EN LA CRUZ NO HABÍA NADA....
En la cruz no había nada: ni belleza humana, ni poder, ni
riqueza, ni fama. Sólo había amor. Un amor despojado de todo atractivo humano,
revestido de fracaso, de abandono y de mucha desnudez. Y así, en ese amor
crucificado, vivía el Señor el mayor despojo de sí mismo y la mayor entrega al
Padre. Y a la cruz sigue la sepultura, el desaparecer de toda figura y rostro
humano en esa tiniebla y oscuridad en la que se hace fecundo el grano
enterrado.
Has de tener la valentía y el coraje de no ser nada, de no ver o entender lo
que Dios permite en tu vida, de querer enterrarte en el anonimato y el olvido
de los hombres, de pasar desapercibido a los ojos de muchos, de no ambicionar
esa honra humana, tan efímera como voluble, que infla el orgullo y hace estéril
tantos apostolados. Que no te asuste vivir tu fe en el rincón de los pequeños,
de los que no son importantes a los ojos de los hombres, de aquellos con los
que nadie cuenta, de los que nunca son consultados, valorados o aplaudidos. Y
no con una actitud de victimismo egocéntrico sino con la conciencia viva y
alegre de que te estás crucificando con Cristo.

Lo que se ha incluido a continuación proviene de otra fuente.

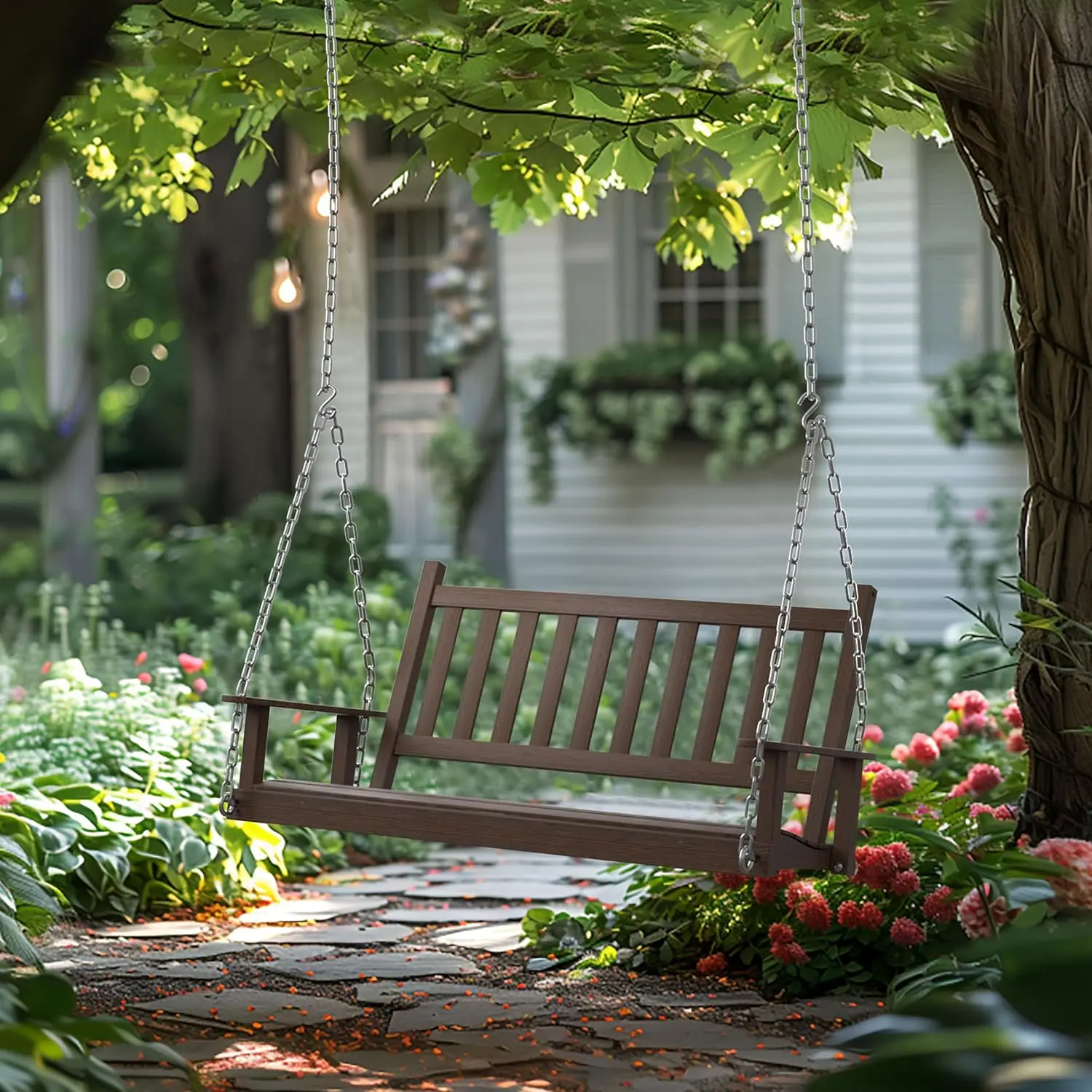 4 FT Wooden Outdoor Porch Swing,Heavy Duty 550lbs for Deck, Garden, Yard, Rustic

Despojarse de uno mismo es el camino para gustar el amor de los íntimos de
Dios, ese que anida en el corazón de la cruz y que hace creíble tu vida
cristiana. No pretendas vivir tu fe cristiana sin mucha renuncia y negación de
ti mismo, porque te enredarás en la maraña de un continuo flirteo con la
santidad y con la mediocridad, sin llegar nunca a la auténtica entrega a Dios.